▸ **WHAT IS EXPECTED**
Every entry gets copied exactly. No images go into the copy.

▸ **DATA TO EXAMINE**
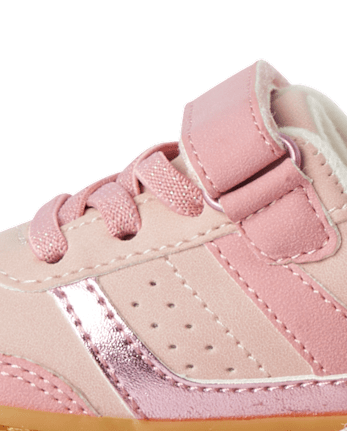 Toddler Girls Low Top Sneakers
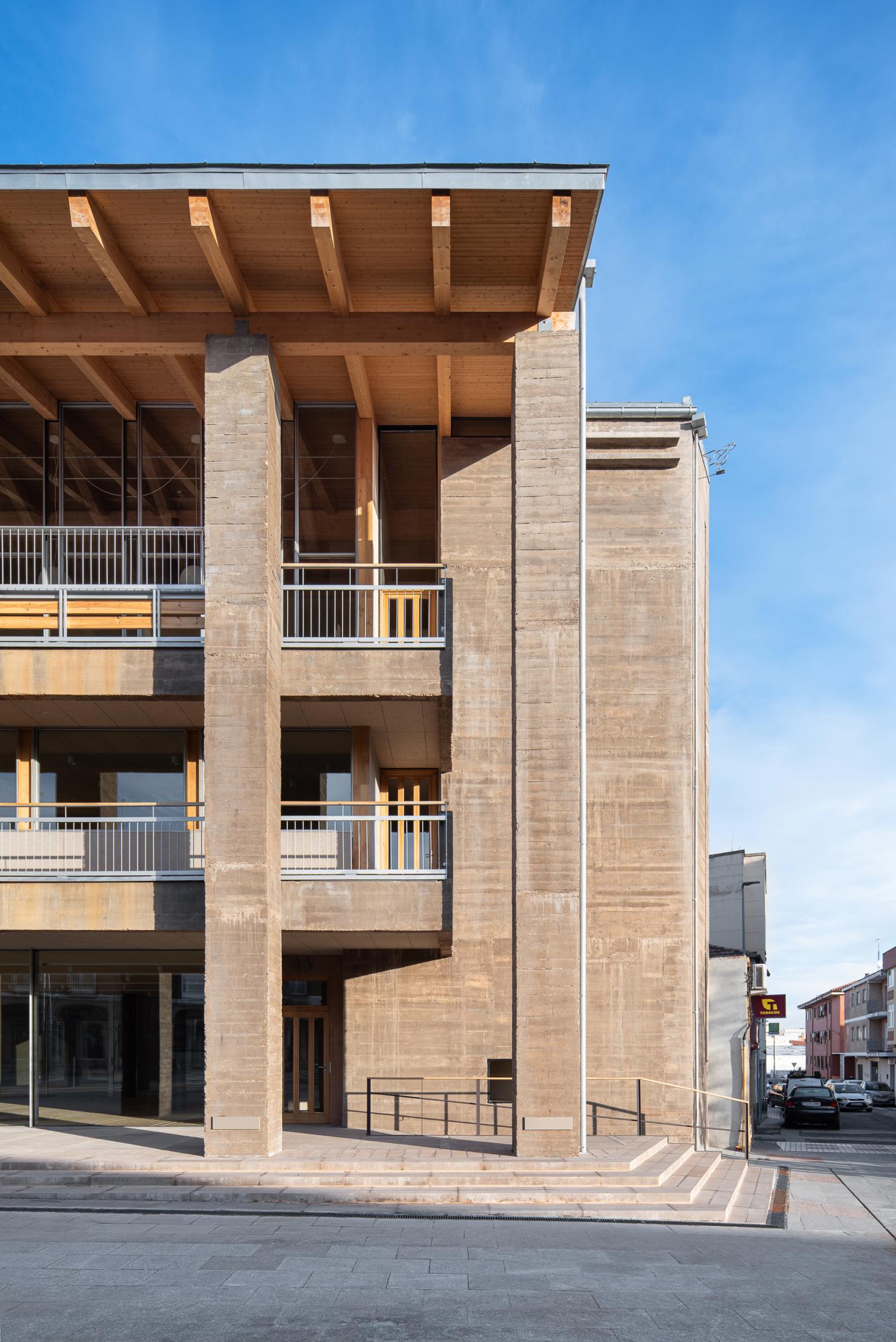 Centro cultural de Carbajosa de la Sagrada (Salamanca)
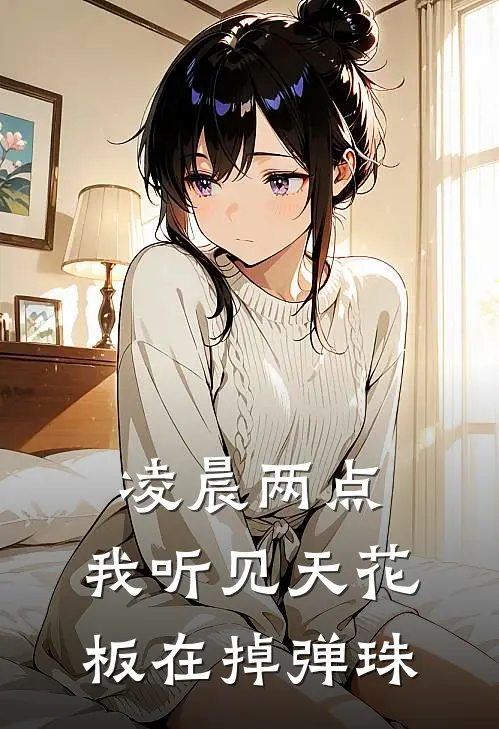 凌晨两点，我听见天花板在掉弹珠(抖音热门)完整版免费阅读_(凌晨两点，我听见天花板在掉弹珠)全章节免费在线阅读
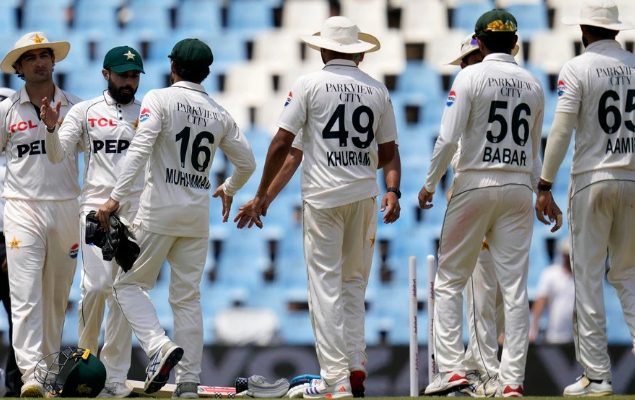 ICC fines Pakistan for slow over rate in Cape Town Test
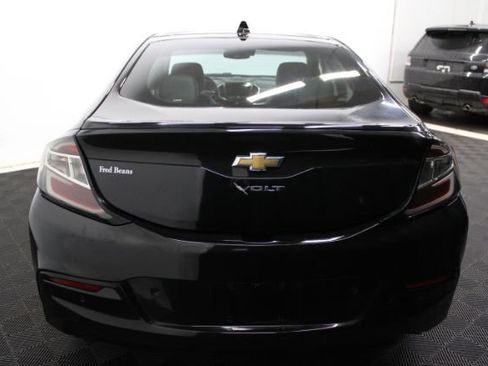 Used 2016 Chevrolet Volt Premier w/ Driver Confidence Package image 9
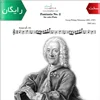 نت کلاسیک فلوت | G.Ph.Telemann - Fantasia for Solo Flute No2
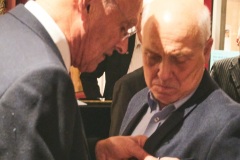 15 års medalje til Jens Lidemark
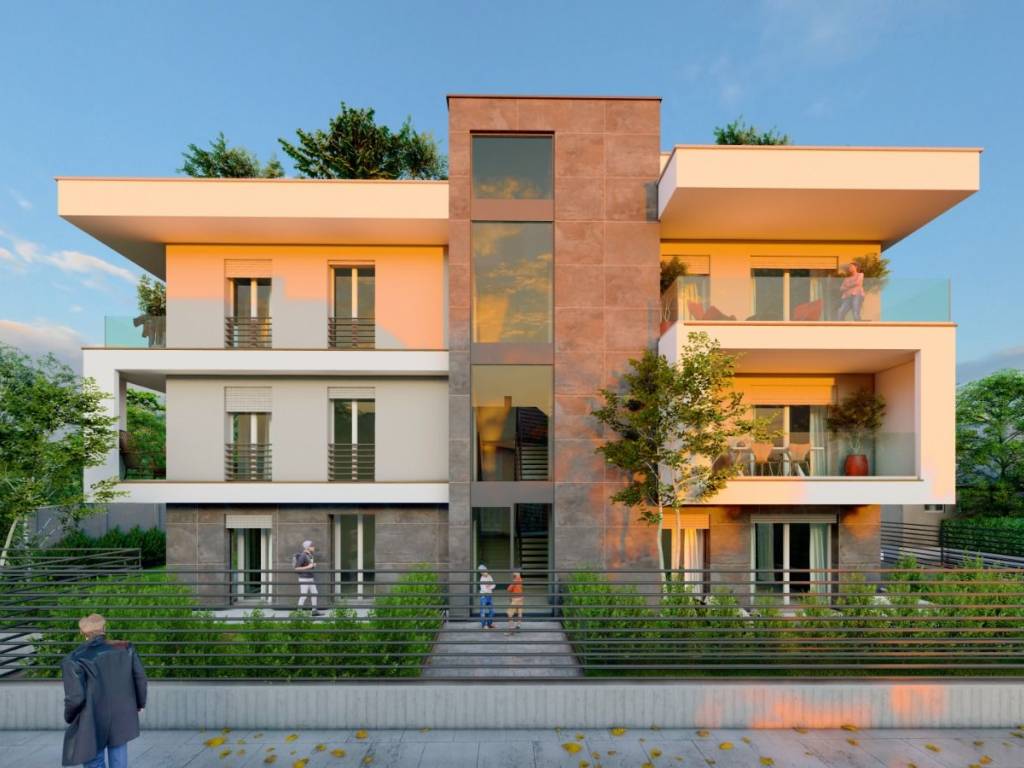 appartamento in vendita a Monza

▸ **TASK ANSWER**
 Toddler Girls Low Top Sneakers
 Centro cultural de Carbajosa de la Sagrada (Salamanca)
 凌晨两点，我听见天花板在掉弹珠(抖音热门)完整版免费阅读_(凌晨两点，我听见天花板在掉弹珠)全章节免费在线阅读
 ICC fines Pakistan for slow over rate in Cape Town Test
 Used 2016 Chevrolet Volt Premier w/ Driver Confidence Package image 9
 نت کلاسیک فلوت | G.Ph.Telemann - Fantasia for Solo Flute No2
 15 års medalje til Jens Lidemark
 appartamento in vendita a Monza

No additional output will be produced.